- [EXTRACTED DATA]:

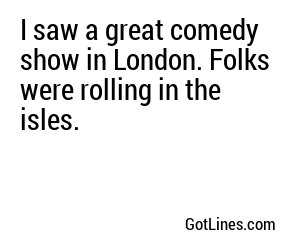 I saw a great comedy show in London. Folks were rolling in the isles.
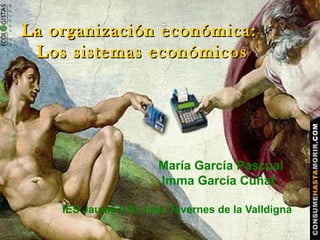 La organización económica:La organización económica:
Los sistemas económicosLos sistemas económicos
María García Pascual
Imma García Cuñat
IES Jaume II El Just. Tavernes de la Valldigna
 
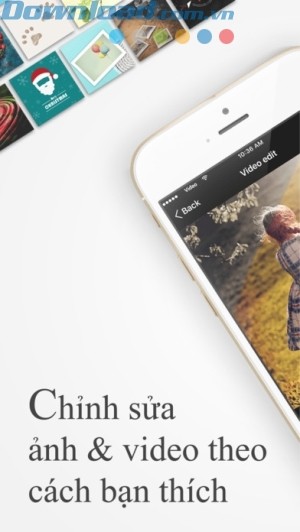 Chỉnh sửa ảnh và video theo cách bạn thích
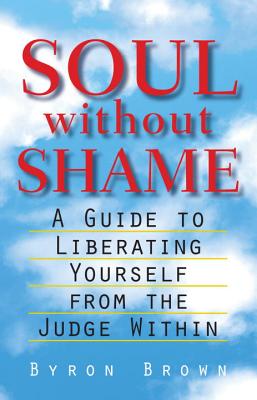 Soul Without Shame: A Guide to Liberating Yourself from the Judge Within - Byron Brown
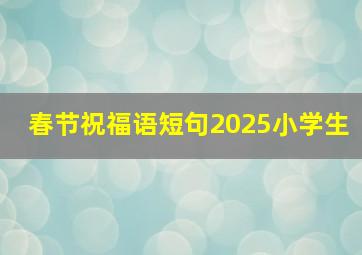 春节祝福语短句2025小学生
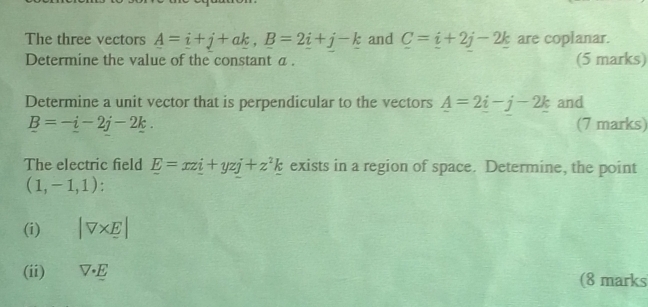 The three vectors _ A=_ i+j+a_ k, _ B=2_ i+j-_ k and C=i+2j-2k are coplanar. 
Determine the value of the constant a. (5 marks) 
Determine a unit vector that is perpendicular to the vectors _ A=2_ i-j-2_ k and
_ B=-_ i-2j-2k. (7 marks) 
The electric field E=xzi+yzj+z^2k exists in a region of space. Determine, the point
(1,-1,1) : 
(i) |V* E|
(ii) V· E (8 marks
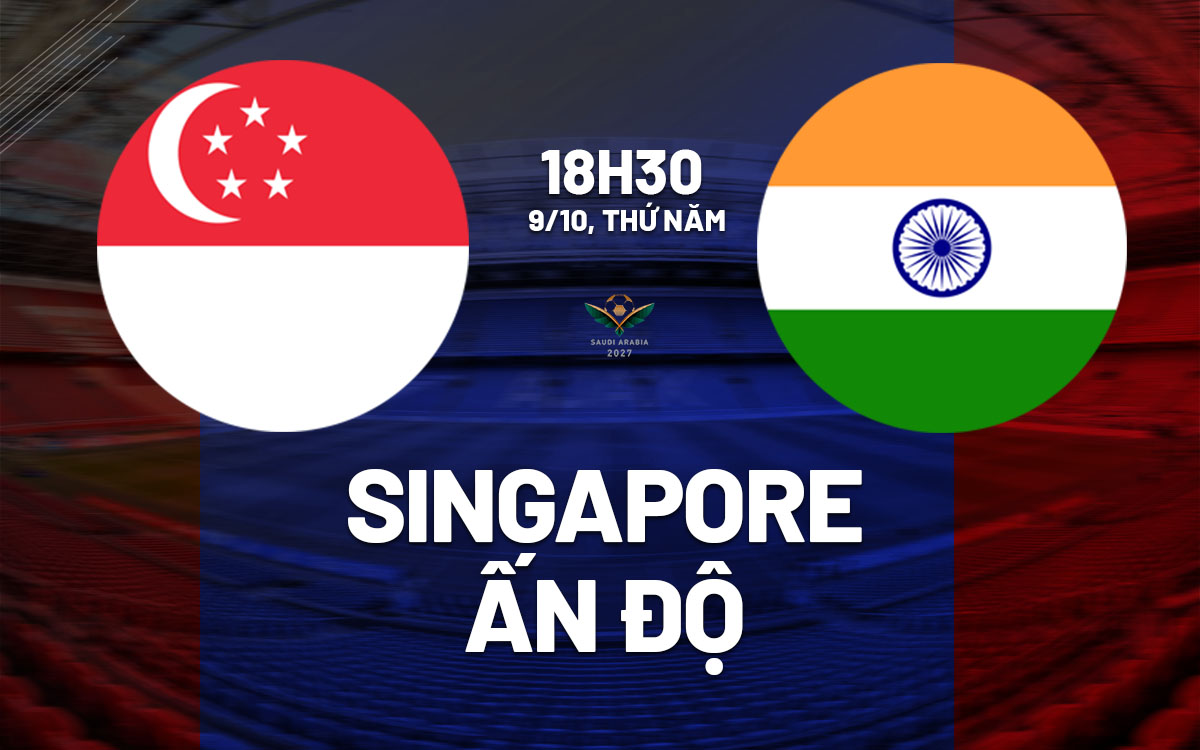 nhan dinh bong da du doan Singapore vs An Do vong loai asian cup hom nay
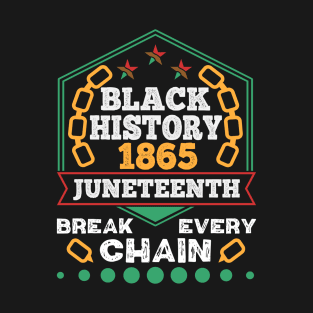 Juneteenth 1865 Black History Break Every Chain T-Shirt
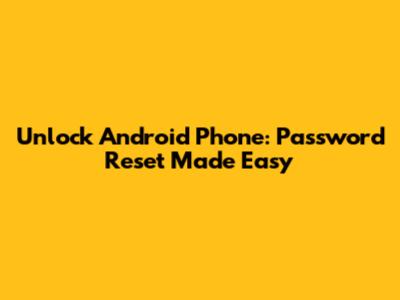 Unlock Android Phone: Password Reset Made Easy
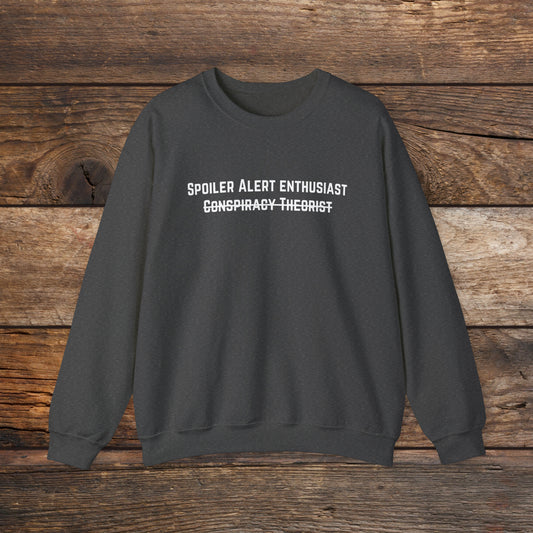 Spoiler Alert Enthusiast Crewneck Sweatshirt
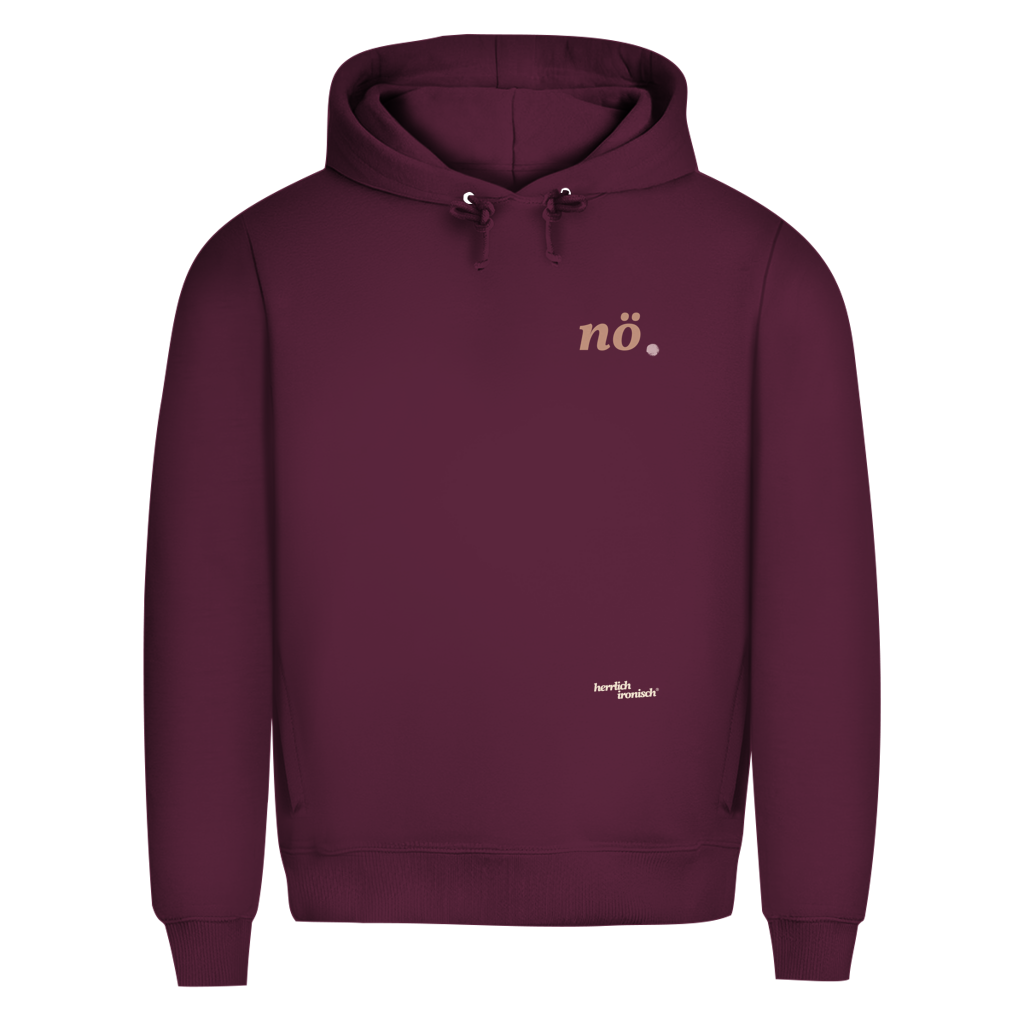 Premium unisex Hoodie "nö." – Für Momente ohne Worte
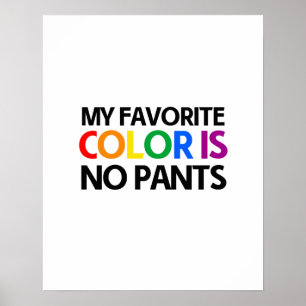 Pôster Minha cor favorita não é nenhuma calça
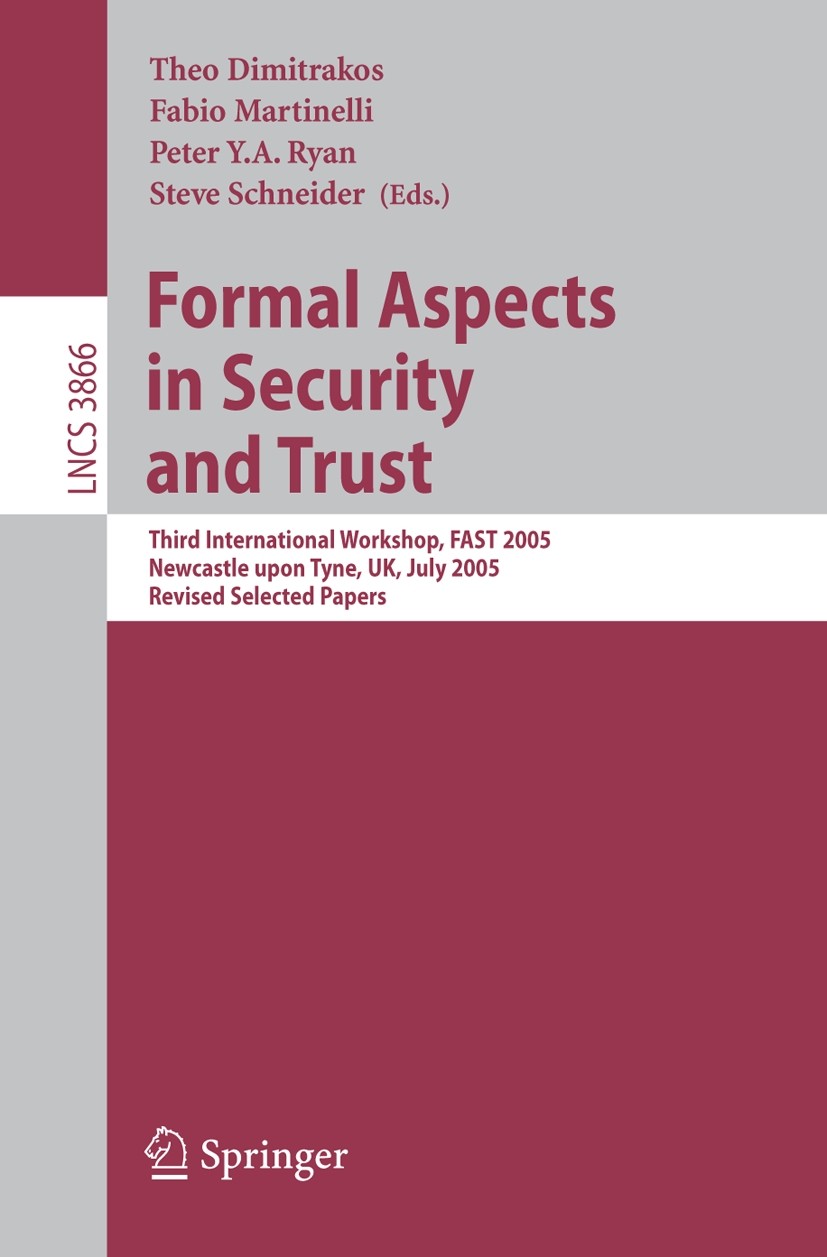 Titlebook: Formal Aspects in Security and Trust; Third International Theo Dimitrakos,Fabio Martinelli,Steve Schneider Conference proceedings 2006 Spr Titlebook: Formal Aspects in Security and Trust; Third International Theo Dimitrakos,Fabio Martinelli,Steve Schneider Conference proceedings 2006 Spr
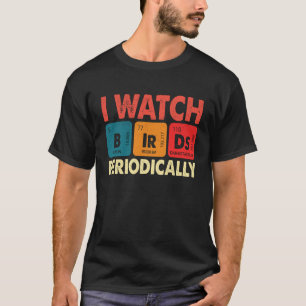 Camiseta Birdwatcher Eu assisto Pássaros Periodicamente Lou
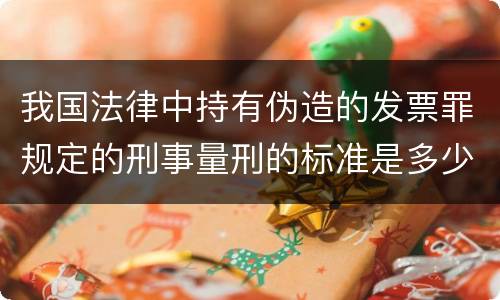 我国法律中持有伪造的发票罪规定的刑事量刑的标准是多少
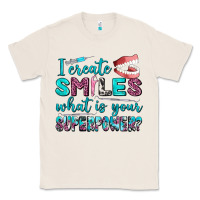 Natural i create smile what is your superpower Classic Tee - AdoDesignShop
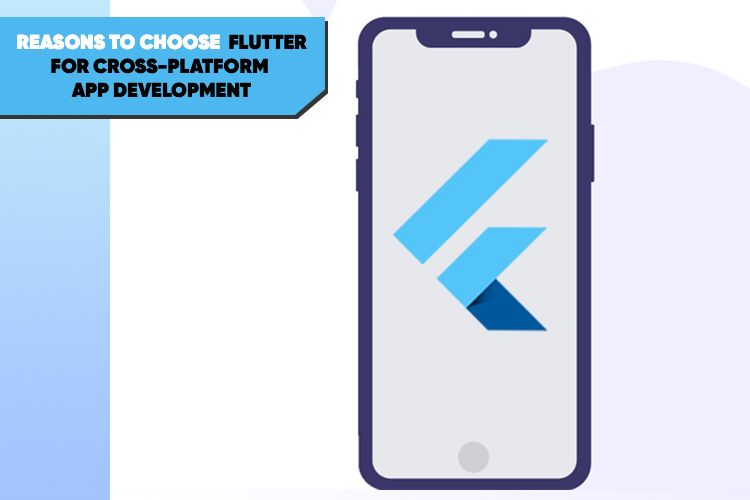 Reasons to Choose Flutter for Cross-Platform App Development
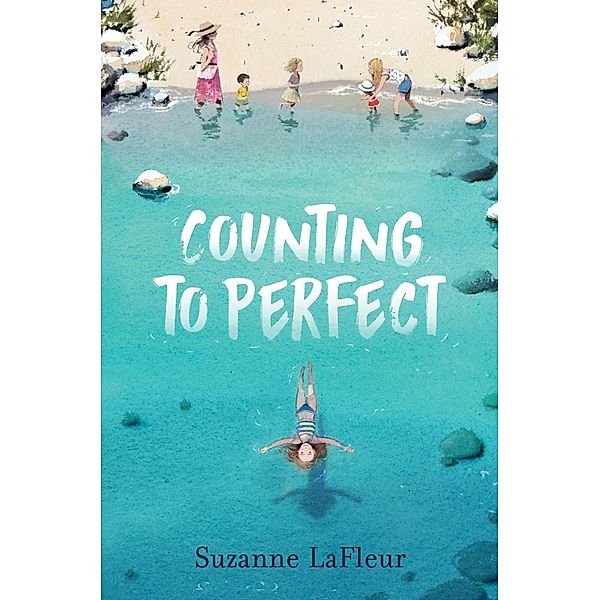 Counting to Perfect, Suzanne LaFleur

- [TRY IT]:
Among the lines above, which hold the word "marks"? Report each one.

- [COMPLETED TASK]:
Determine the value of the constant a. (5 marks) 
_ B=-_ i-2j-2k. (7 marks) 
(ii) V· E (8 marks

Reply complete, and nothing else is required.